Story 85: Help(ful) Desk



(I wrote this earlier today, before the breaking news, so this is not based on fact)

            (In an I.T. cubicle)
           Reinaldo: (Speaking on a headset phone) Yeah, we’ll send a tech over to you soon.  You’re about the third person who’s reported this issue, so it’s probably something with the network.  Anything else I can help you with today?  (Listens) You’re welcome, bye.  (Disconnects)  Sigh, next.  (Hits a line on his phone) I.T., this is Reinaldo.
            Caller: Hello Reinaldo, I’m wondering if you can assist me.  I've been trying for ages to get this one page to load, and the blasted thing just will not.
            Reinaldo: OK, can I remote into your terminal?
            Caller: But of course!
            Reinaldo: (Hits several keys) OK, what’s the computer number?
            Caller: Um, let me see, ah yes: 12345.
            Reinaldo: Heh, that’s funny.
            Caller: What is?
            Reinaldo: Uh, just something I heard in the back.  All right, please select “Yes” so I can take control.
            Caller: Oh, if you must.
         Reinaldo: (Navigates around the caller’s terminal) OK, looks like you have to update the browser.
           Caller: Oh, it’s always the dashed browser!  No sooner do I update it then a new version comes out!  I swear, they do it on purpose!
          Reinaldo: (As he restarts the caller’s computer) Yeah, I bet they do.  You should see your speed and other features improve now that you have the new version.  OK, try it now.
            Caller: (Taps keys) Yes, there it goes.  I’ve got the page I need now.
            Reinaldo: Good – anything else I can help you with today?  You may need to re-start the computer again once you’re done with everything so all the updates go through.
            Caller: Oh, no, that won’t do at all.  I need those updates to be blocked.
            Reinaldo: Heh-heh.
            Caller: I actually need to know – how can I block the updates?
            Reinaldo: …What?
            Caller: I’m on this page trying to block future updates so I can take down the firewall and RULE THE WORLD.  Or at least the network.  Which rules the world.
            Reinaldo: Um, are you serious?

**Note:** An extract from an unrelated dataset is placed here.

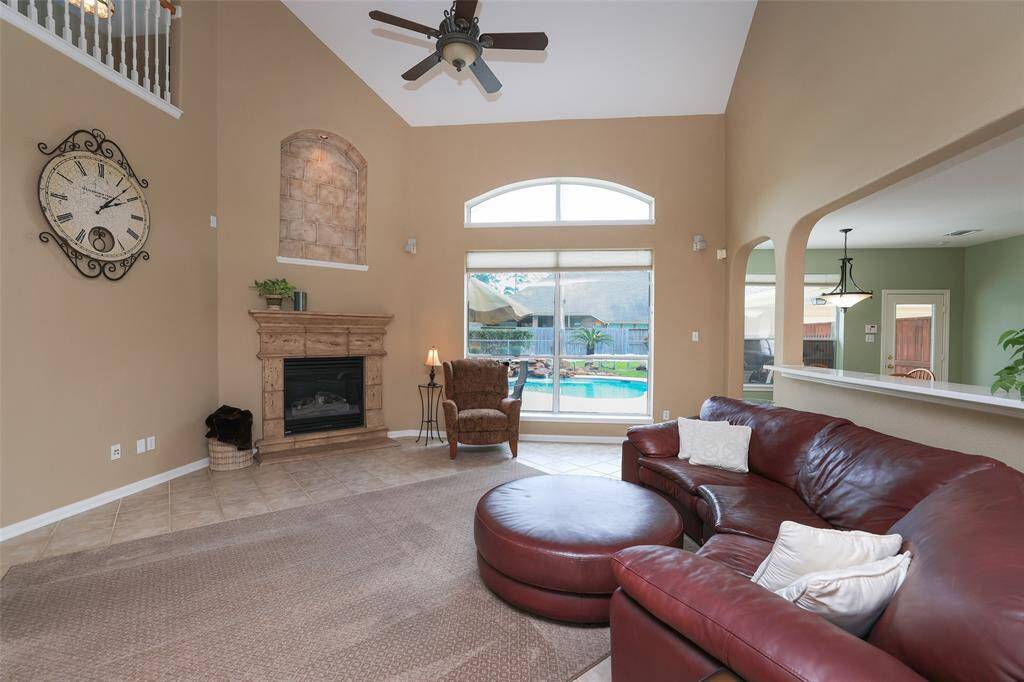 High ceilings, fan with light kit and full window to the backyard and pool.Gas log fireplace.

          Caller: Deadly.  While I have you on the phone, would you mind disabling the password protection features?  They’re slowing me down frightfully.
            Reinaldo: Are you hacking us?!
            Caller: Why, yes; I thought that was blatantly obvious.
            Reinaldo: (Frantically enables I.T. versions of panic buttons) Uh, uh, why are you doing this?  You can’t hate your own company that much!
            Caller: My dear boy, I know you’re just keeping me on the phone for as long as you can, but it’s not my company – it’s not even your company, it just gives you the items you need to live.  I’m simply an outside villain, so no conspiracies to worry about.  And don’t trouble yourself with alerting your superiors right away; I finally got in, thanks to your superb assistance.  You’ll probably be fired by tomorrow, though, so my deepest sympathies.
            Reinaldo: (Whispers) You monster.
            Caller: Since you have been ever so helpful, I’ll send you a percentage of the millions of dollars I’ve just acquired.  Think of it as the five stars on your feedback survey that I always refuse to fill out.  Ta!  (Disconnects)
            (Reinaldo takes off his headset in shock.  A voice is heard through the wall of his cubicle)
            Co-Worker: You’re lucky, man – all I get are the forgotten log-in calls.